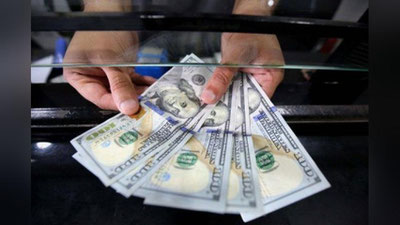 'O`zbekistonda dollar kursi sezilarli darajada ko`tarilishda davom etmoqda'ning rasmi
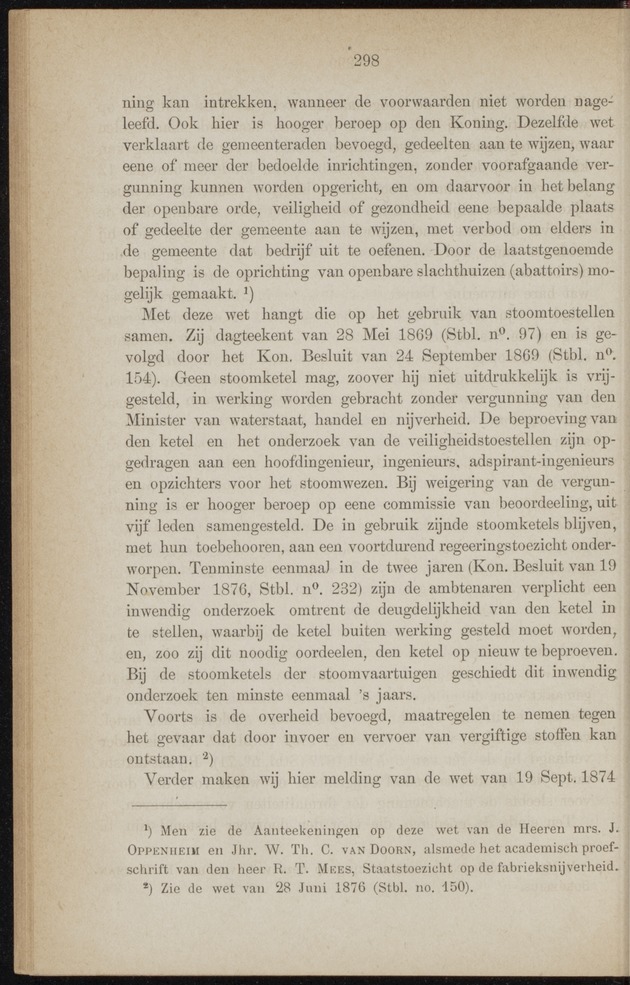 Schets van het Nederlandsch staatsbestuur en dat der overzeesche bezittingen - 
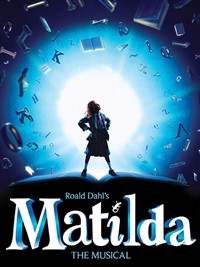 London Theatre - Matilda & Mrs Doubtfire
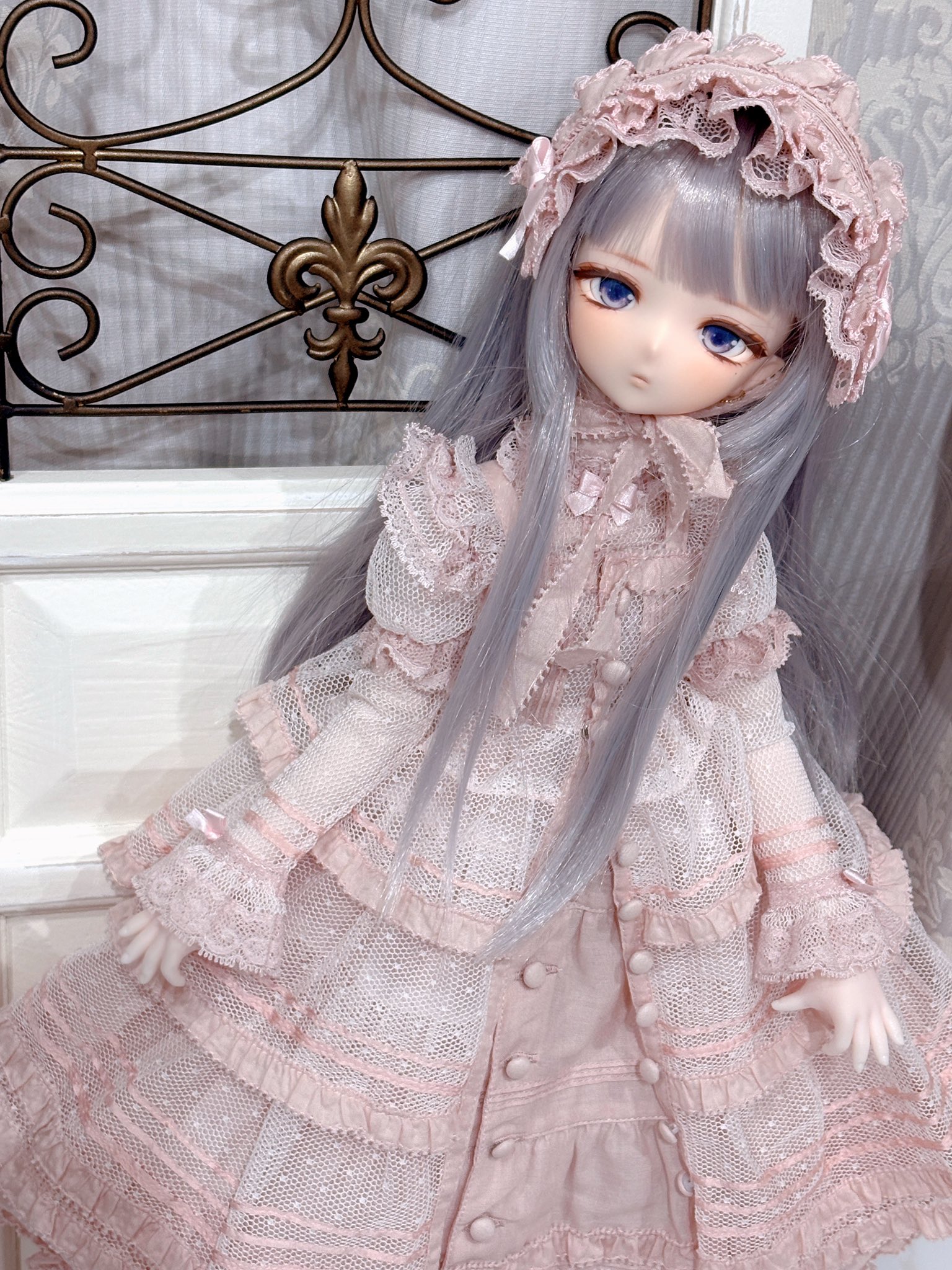 ♡☆りぼんどーる♡☆ on X:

▶ _AIM OF THE TASK_:
Give the listing above again word for word, without its pictures.

▶ _SOLUTION TO THIS TASK_:
 'O`zbekistonda dollar kursi sezilarli darajada ko`tarilishda davom etmoqda'ning rasmi
 Schets van het Nederlandsch staatsbestuur en dat der overzeesche bezittingen - 
 London Theatre - Matilda & Mrs Doubtfire
 ♡☆りぼんどーる♡☆ on X:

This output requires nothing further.